Come sta il mare del Giglio? Le analisi di Greenpeace dopo il disastro.
A quasi due mesi dall’incidente della Costa Concordia, Greenpeace ha pubblicato il rapporto “Come sta il mare del Giglio?” un’indagine preliminare sui fondali e sulle acque dell’isola che aggiunge dati quantitativi e qualitativi alle campagne di monitoraggio condotte dalle istituzioni dopo il disastro.
Fra il 15 e il 18 febbraio, Greenpeace ha verificato lo stato dei fondali dell’isola e prelevato alcuni campioni di acqua marina superficiale dalla costa, con due obiettivi: fotografare lo stato attuale dei fondali così da confrontare l’evoluzione dei popolamenti nell’eventualità di un massiccio sversamento di sostanze pericolose, e valutare l’eventuale contaminazione dell’acqua di mare.
“Siamo stati al Giglio perché non è un posto qualunque, ma un patrimonio ambientale che avremmo dovuto custodire meglio. – spiega Alessandro Giannì, direttore delle Campagne di Greenpeace – Ci rincuora l’esito positivo delle immersioni, con cui abbiamo potuto verificare il buono stato dei fondali marini, ricchi di gorgonie, posidonie e spugne, ma bisogna fare di più per tutelare l’area considerando che siamo nel cuore del Santuario dei cetacei”.
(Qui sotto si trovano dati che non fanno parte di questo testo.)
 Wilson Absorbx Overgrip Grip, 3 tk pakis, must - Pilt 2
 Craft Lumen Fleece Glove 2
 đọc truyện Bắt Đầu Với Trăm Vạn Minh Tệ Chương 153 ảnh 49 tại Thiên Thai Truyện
I risultati delle analisi delle acque (il contenuto più alto di tensioattivi anionici è stato pari a 4,350 mg/litro. Il valore più elevato di azoto ammoniacale (mgNH4/l) è stato pari a 2,12 mg/litro), commissionate al laboratorio indipendente Eurofins Programma Ambiente di Padova, hanno rilevato la presenza in mare di tensioattivi (detergenti) e ammoniaca in concentrazione superiore ai valori di riferimento identificati da ARPAT per la sua campagna di monitoraggio (0,50 mg/l per i tensioattivi, 500 microgr/l per gli idrocarburi e 0,066 mg/l di ammonio). Tali concentrazioni potrebbero essere il risultato della dispersione di detergenti, disinfettanti e altri prodotti presenti sulla Costa Concordia.
“L’esito dei test di laboratorio – aggiunge Vittoria Polidori, responsabile della campagna Inquinamento di Greenpeace che ha svolto i campionamenti delle acque del Giglio – non è allarmante, ma sembra indicare che una contaminazione dal relitto potrebbe già essere in atto. Per questo chiediamo che sia adottato al più presto il piano di rimozione dello stesso e organizzato il suo smantellamento in terraferma“.
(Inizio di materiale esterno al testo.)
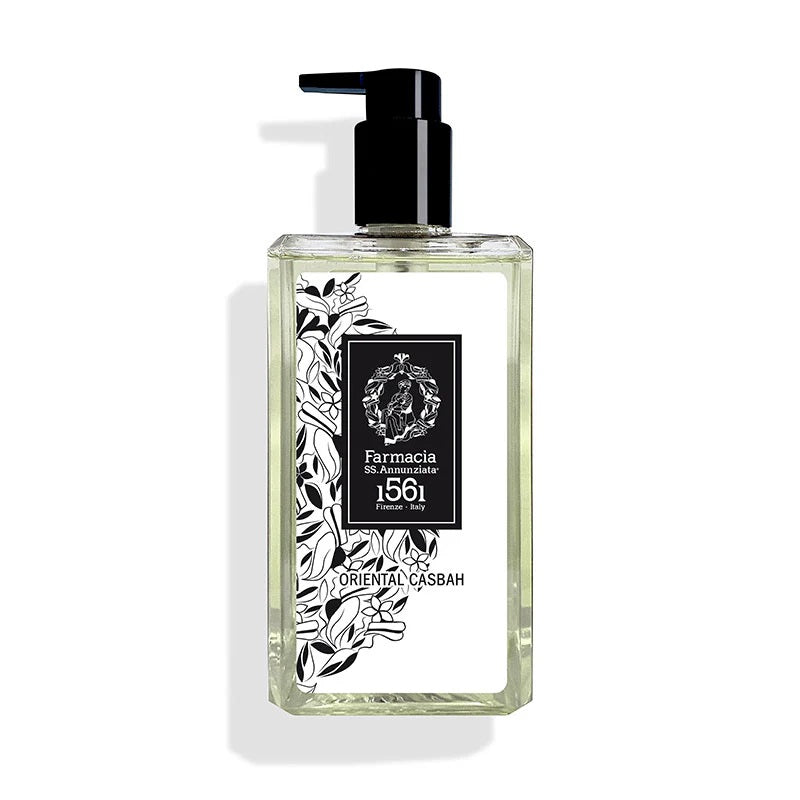 Farmacia SS.Annunziata Oriental casbah Shower Gel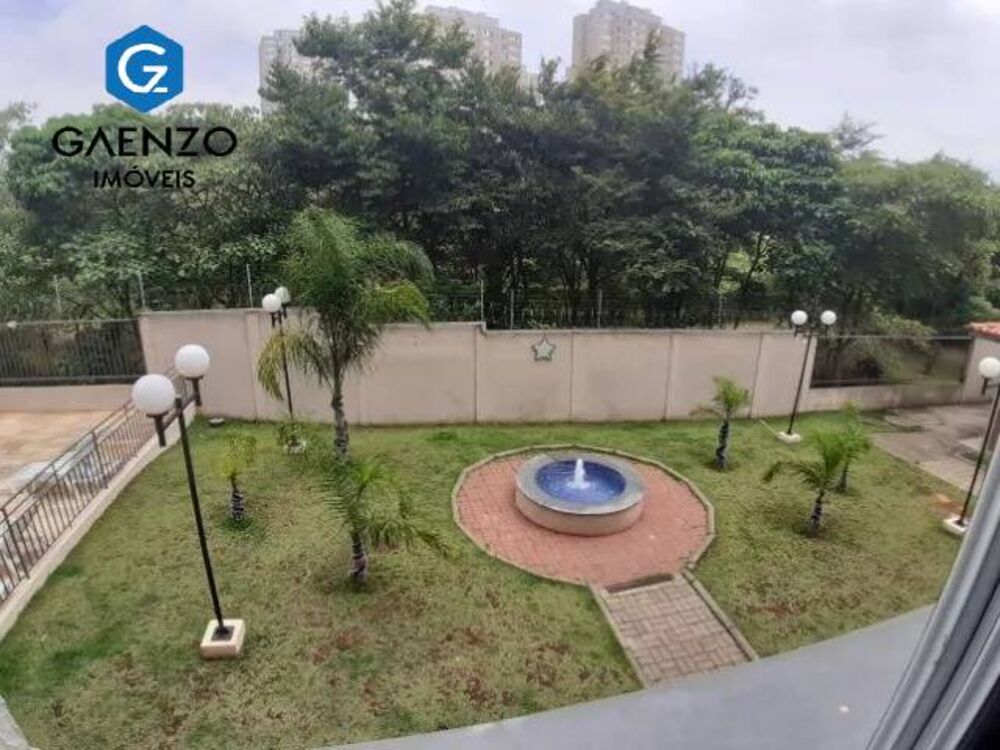 Apartamento, 3 quartos, 57 m² - Foto 18
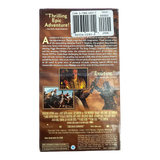 Hidalgo (VHS, 2004) Brand New Factory Sealed - Viggo Mortensen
In un campione di acqua potabile di un esercizio commerciale del porto, sono state trovate tracce di idrocarburi totali pari a 82 microgr/l. La presenza di queste sostanze, anche se non regolamentate dalla legge (D.Lgs 31/2001), non è certo indice di buona qualità dell’acqua. Greenpeace suggerisce dunque che le istituzioni realizzino un’appropriata campagna di monitoraggio sulla qualità dell’acqua potabile all’isola del Giglio.
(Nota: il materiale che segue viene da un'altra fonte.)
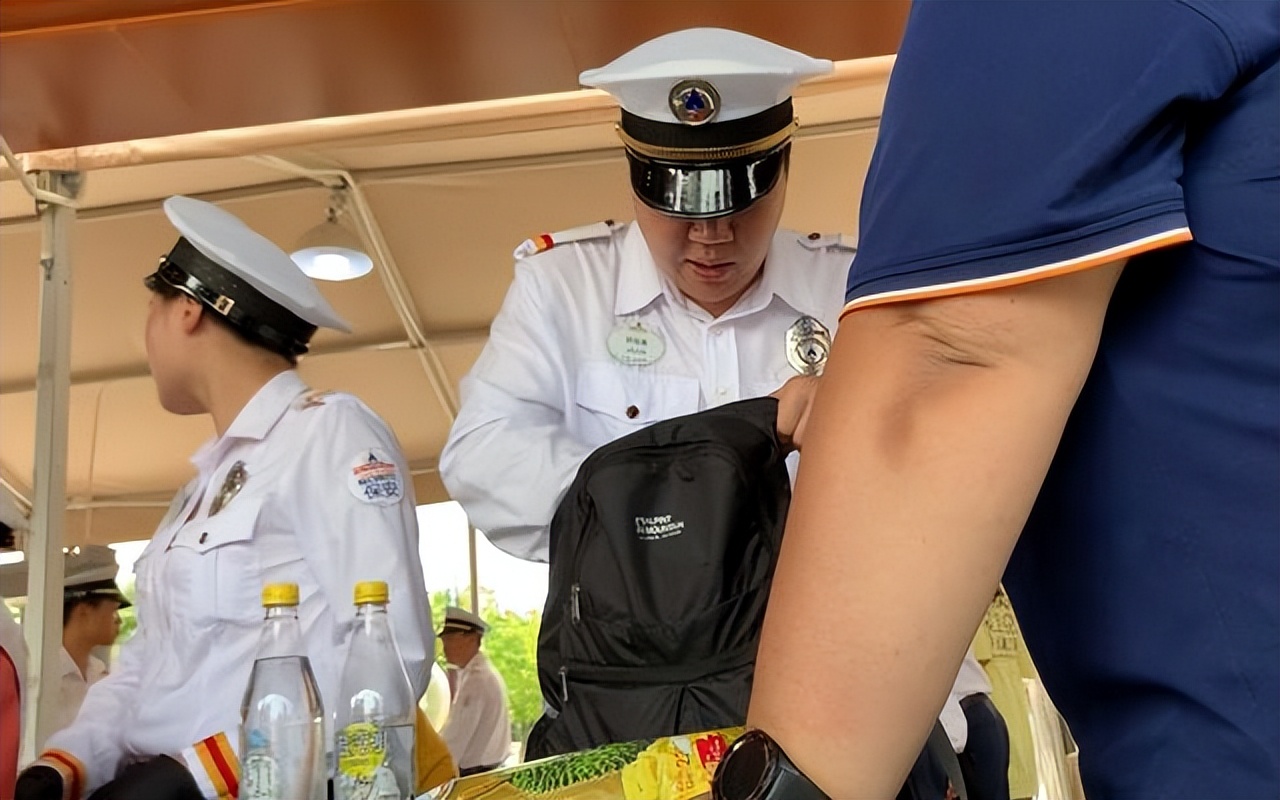 为何香港地铁没有安全检查，不怕有人“乱来”吗？看完后涨知识了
Dopo dieci anni d’inazione sul Santuario, Greenpeace ha inoltre accolto con favore l’iniziativa dei ministri Passera e Clini di adottare misure specifiche di tutela con il “decreto-rotte“. Ma ora, dice l’associazione ambientalista, è doveroso intervenire anche sulle fonti di inquinamento terrestri e marine e sugli altri pericoli che minacciano l’integrità di questo ecosistema. La regione Liguria, d’accordo con la regione Toscana, aveva infatti promesso a Greenpeace la convocazione di un “tavolo tecnico” sul Santuario, entro il 29 febbraio, promessa al momento disattesa.
Di fronte all’inattività delle Regioni, Greenpeace ha quindi chiesto al Ministro Clini di convocare tutti i soggetti interessati per attivare, nel più breve tempo possibile, un confronto che conduca all’adozione di misure concrete di tutela.